In a notice[i] published on November 15, 2015, Canada Border Services Agency (CBSA) reminded Canadian exporters that shipments transiting through the U.S. but intended for subsequent destinations must be reported the CBSA. The agency also warned that it will step up enforcement of these requirements in 2016 by conducting audits of past export activities to determine non-compliant exports and issue penalties.

Trade between Canada and the U.S. is straight forward. Canadian exporters are generally not required to declare any of their export shipments destined to consignees in the U.S.  The exception to this rule are exports of goods valued at CAN$2000 or greater, that transit through the U.S. but ultimately destined to consignees outside the U.S. For example, shipments valued at CAN$2000 transiting though the U.S. but destined for consignees in Mexico must be declared to CBSA. This also applies to any restricted goods regardless of value.

In the Customs notice, CBSA noted concern over a large number of export shipments that appear to have been undeclared to the agency. As a result, CBSA warns they will launch broad compliance verification activities by June 1, 2016 and penalties may be issued for failure to report exported goods.  Compliance verification activities may go back as far as six years.

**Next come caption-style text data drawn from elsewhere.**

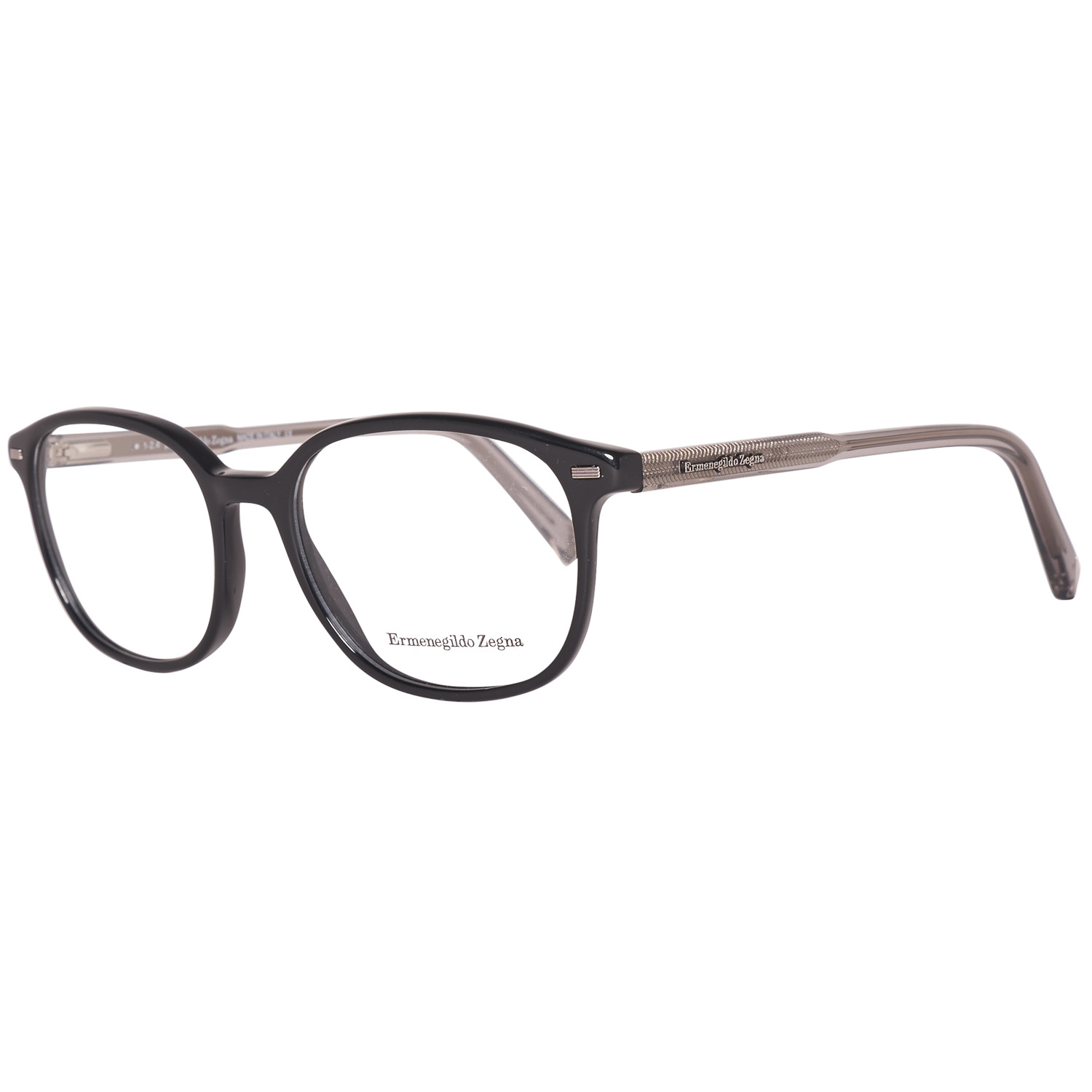 Ermenegildo Zegna Optical Frame EZ5007 001 51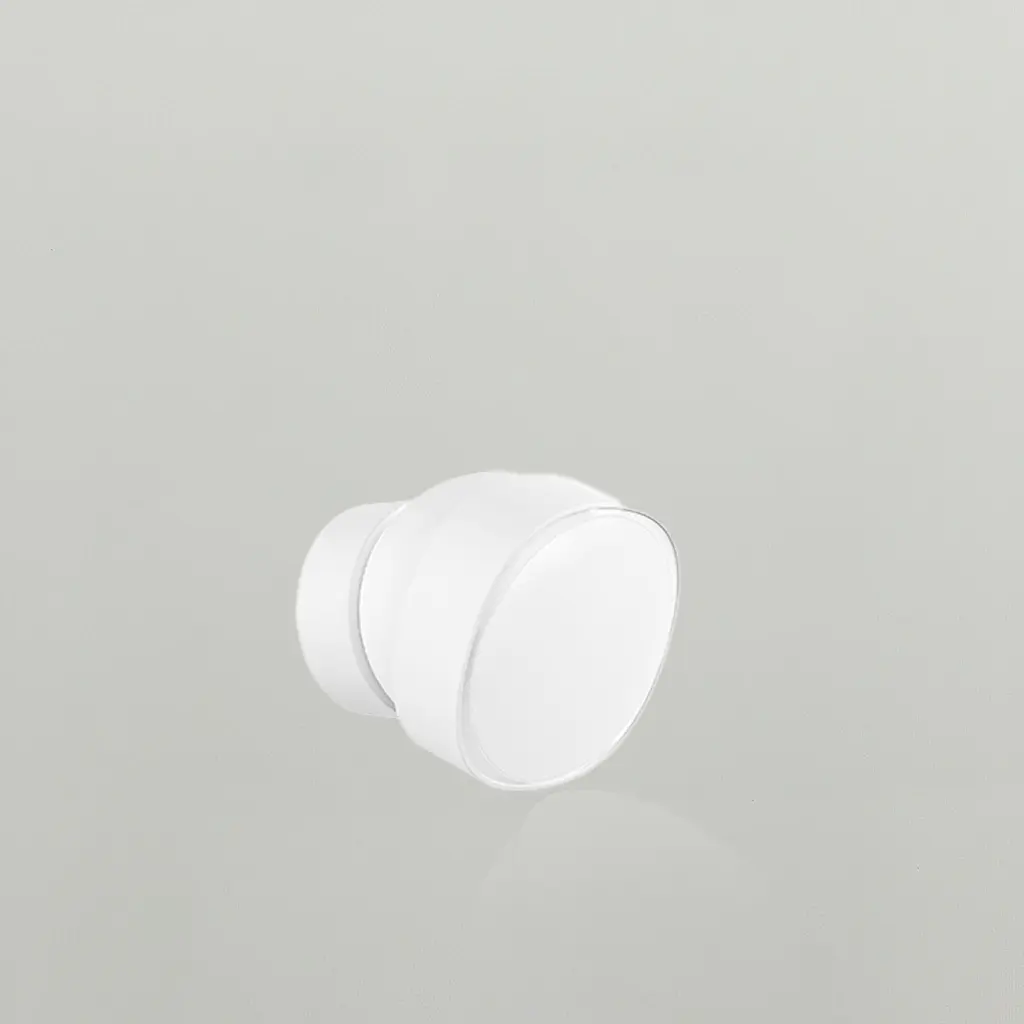 sensor4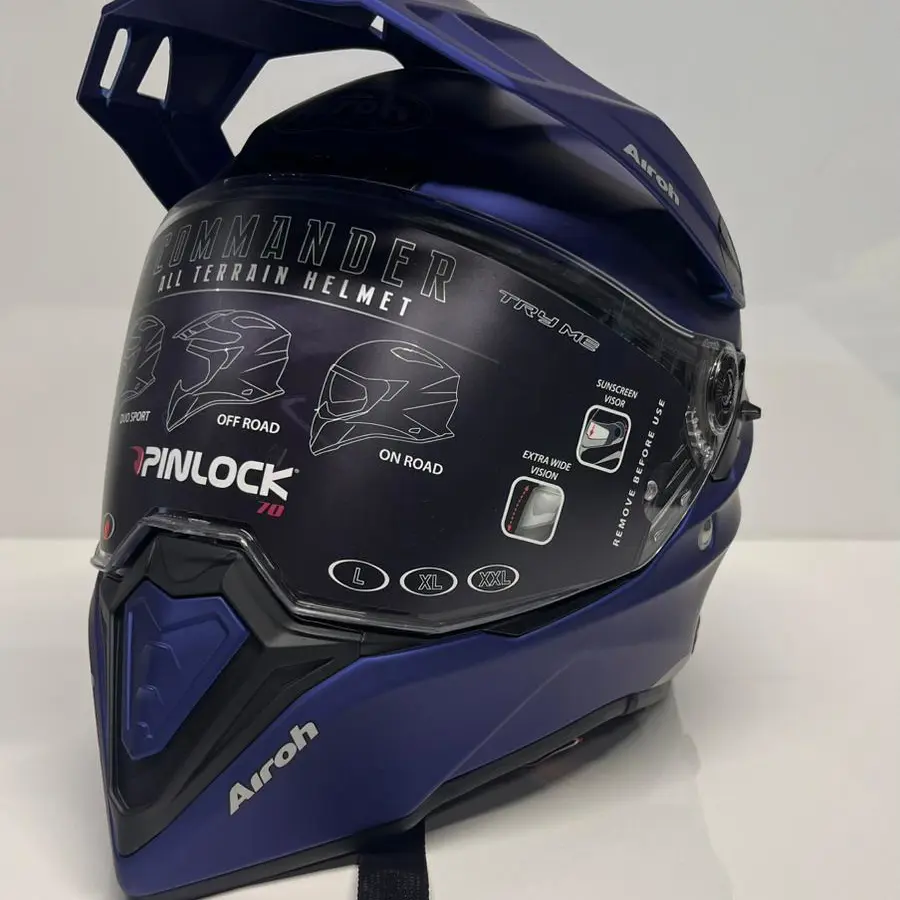 Immagine WhatsApp 2025-11-13 ore 10.51.18_294de9b2.jpg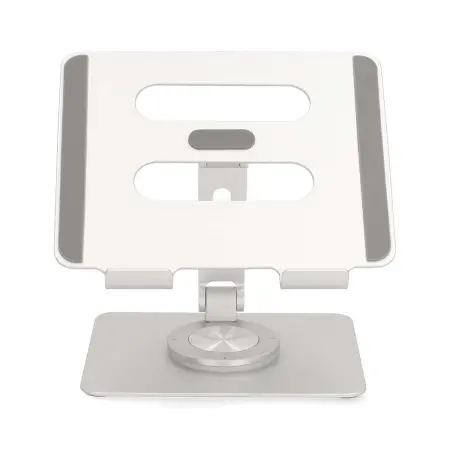 TV-bordsstativ justerbar - TV-stativ - 5412810451722 - 0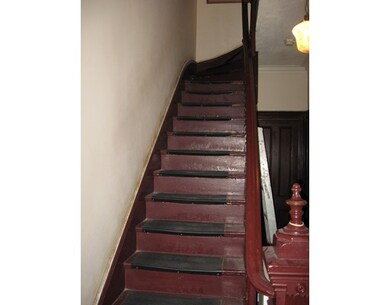 36 Beacon St unit 2, Somerville, MA 02143 - photo 3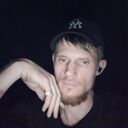 ���������� ������, ���� ������� ������������, 33 ����, ������������ ��� ������, ����� � ���������, c�������� ���������, ���������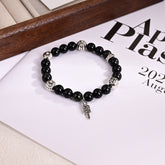 China Replica Chrome Hearts Bracelets 38usd Only
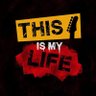thatboy's profile picture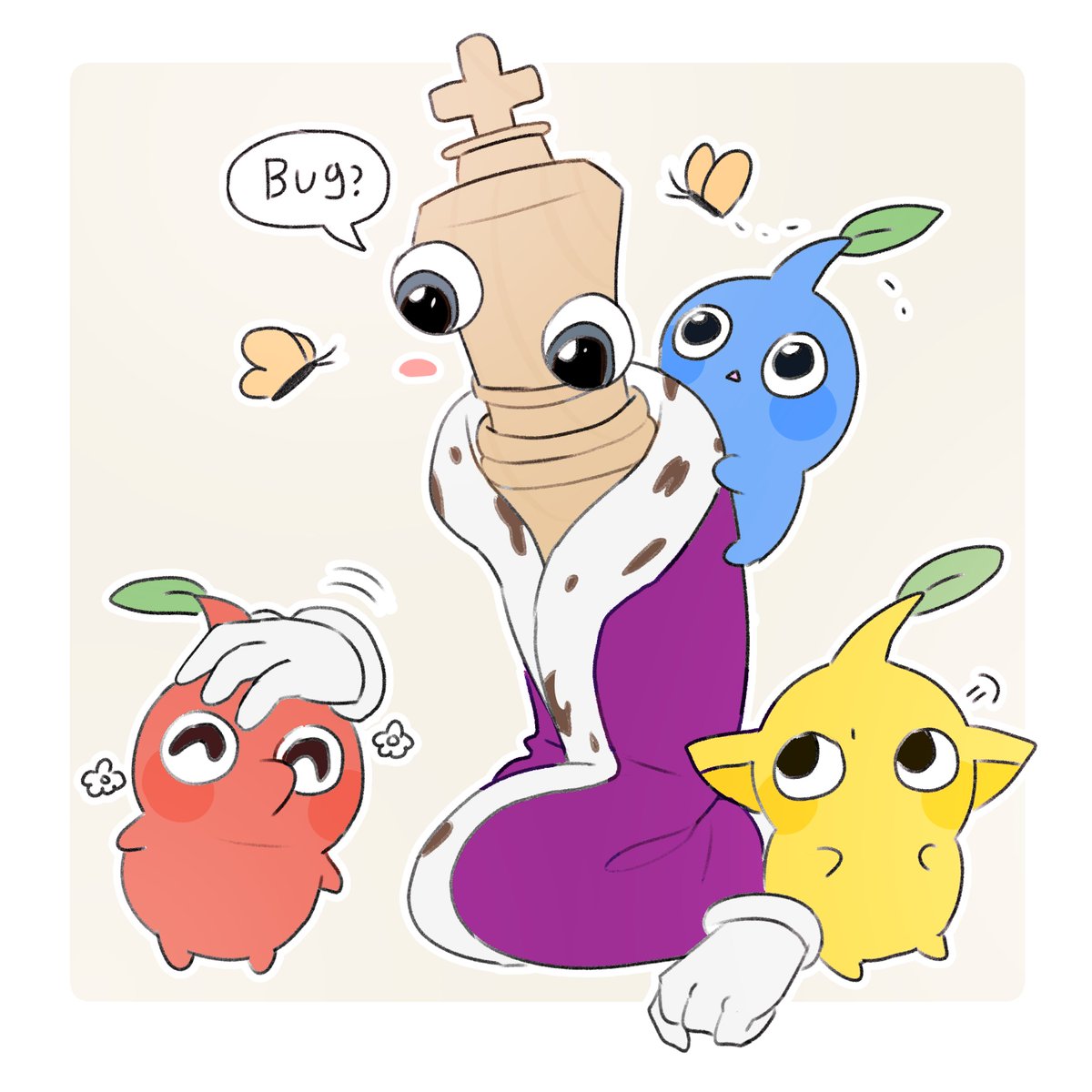 堀*満様 フラミンゴ 50周年記念カジノトークン アメリカ カジノのスロットマシン用トークン(3枚セット) - メルカリ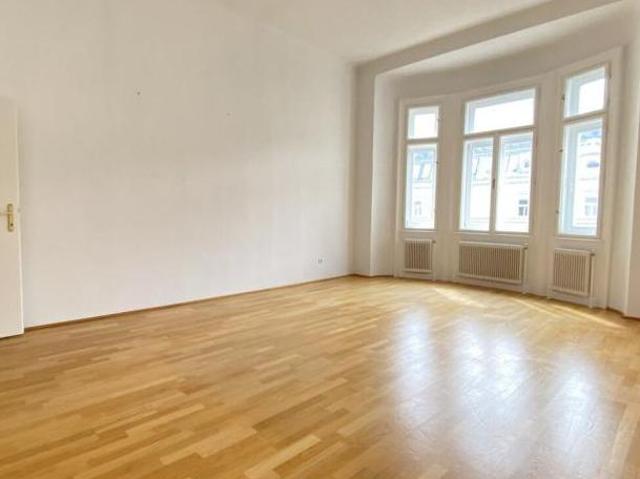 Wohnung mieten in Innere Stadt, Wien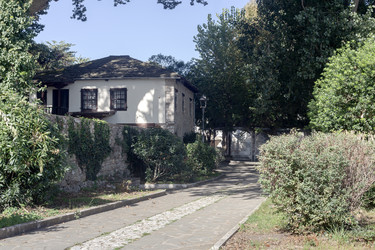 Similar image 22425479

CBSA is offering a grace period to exporters from December 1, 2015 to June 1, 2016, during which exporters may voluntarily disclose export shipments they failed to declare.  Companies that submit voluntary disclosures during the grace period will not be penalized.  Canadian companies are urged to review their export activity for the previous six years and determine if they may have any unreported exports to disclose.